Journal
Nixon in China à l’Opéra Bastille – Mais où est Pang ? – Compte-rendu
Il aura fallu plus de trois décennies pour que l’Opéra de Paris se décide enfin à monter un opéra de John Adams : non pas une commande passée au compositeur, dont notre première scène nationale aurait eu la primeur (comme le firent l’Opéra de Lyon, coproducteur de The Death of Klinghoffer, ou le Châtelet pour plusieurs titres), mais l’entrée au répertoire du premier opus lyrique d’Adams (créé en 1987 à Houston), et désormais le plus solidement installé au répertoire.
Pour cette nouvelle production, la troisième en France après le spectacle de Peter Sellars venu à Bobigny dès 1991, et la mise en scène de Chen Shi-Zheng vue au Châtelet en 2012, il a été fait appel à Valentina Carrasco, un temps collaboratrice d’Alex Ollé, et qui vole désormais de ses propres ailes à l’opéra.
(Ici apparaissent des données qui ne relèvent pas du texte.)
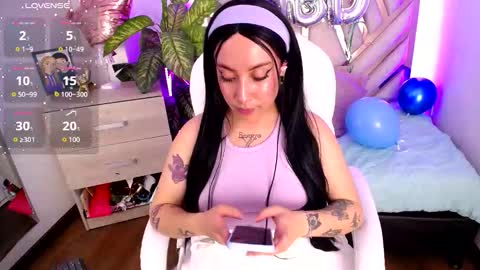 Alex   .    online show from 10-12-25, 06:18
Contrairement à quelques rares tentative plus audacieuses, sa vision ne s’affranchit pas de la référence aux personnages historiques, chacun ayant ici plus ou moins la tête de l’emploi (soucieux d’éviter le reproche de blackface, l’Opéra de Paris a même pris soin d’engager des chanteurs dont l’origine ethnique correspond approximativement à celle des protagonistes, puisque même John Matthew Myers, comme son nom ne l’indique pas, a du sang asiatique dans les veines, la seule exception étant la troisième secrétaire de Mao). Mais tout comme l’admirable livret d’Alice Goodman sait s’affranchir des faits pour offrir une lecture plus métaphorique des événements, Valentina Carrasco sait se détacher du réalisme sellarsien de 1987, grâce à une clef de lecture qui pourra rappeler une autre célèbre chinoiserie opératique du XXe siècle : si Turandot nous fait rencontrer Ping, Pong et Pang, c’est de ping-pong qu’il est ici beaucoup question. La référence n’a rien de plaqué, puisque l’idée de « diplomatie du ping-pong » (ou « ping-pong diplomatique », selon les traductions) fut souvent évoquée dans les années 1970, le tennis de table ayant été l’un des premiers vecteurs de rapprochement entre les Etats-Unis et la Chine.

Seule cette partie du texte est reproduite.